Распутинский текст образен, поэтичен, упруг. То, что в повести произносит автор, режиссер передал героям — и текст поплыл, стал казаться многословным. Иногда спектакль кажется затянутым, порой — скучноватым. И все же его появление сильно украсит нынешний московский сезон. Лично я стосковался по такому театру: неспешному, подчеркнуто не развлекающему, ведущему речь о том, что важно. А важны в спектакле, читающем распутинский текст в 2оо6 году, когда Отечественная война с ее проблематикой становится далеким от нас мифом, отношения Андрея и Настены, мужчины и женщины, верной жены, становящейся для загнанного мужа всем на свете.

И не беда, что спектакль пропускает многие распутинские мотивы: Андрей, понемногу расчеловечиваясь, не становится подобным волку; не ясно, что его ждет судьба проклятого вечного странника. Постановка Владимира Петрова никоим образом не равна книге — но и неудачей ее назвать нельзя. Очень хороши актеры: неловкая, немного нелепая, некрасивая Настена Дарьи Мороз, Андрей Дмитрия Куличкова — хищное лицо, повадки загнанного зверя, Сергей Сосновский, играющий здесь четыре роли сразу, по-распутински, по-народному достоверны. В актерских типажах живет эпоха: это лица с фотографий сороковых годов, из военной хроники. А играют здесь обстоятельно, подробно, точно, в добротной реалистической манере — исполнительских открытий вроде бы и нет, но ансамбль хорош и ровен.

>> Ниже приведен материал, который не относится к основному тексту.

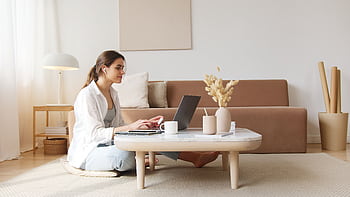 A woman uses a laptop at a coffee table in a cozy living room, embodying a relaxed work-from-home lifestyle. HD wallpaper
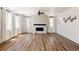 Open living room with wood floors, fireplace, and large windows offering plenty of natural light at 5840 Longs Peak St, Brighton, CO 80601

В спектакле есть замечательные моменты: те, кто его видел, надолго запомнят зимовье Андрея: трансформирующийся, затянутый морозными узорами стеклянный куб, и прячущий от людей, и разъединяющий жену и мужа. Удались и последние сцены, когда деревянный помост поднимается, словно река в половодье, а тонущую Настену захлестывает черное сукно задника. «Живи и помни» будут смотреть: публику перекормили коммерческим театром, она стосковалась по серьезным и в то же время понятным ей театральным работам. Таким, как эта негромкая и очень достойная постановка.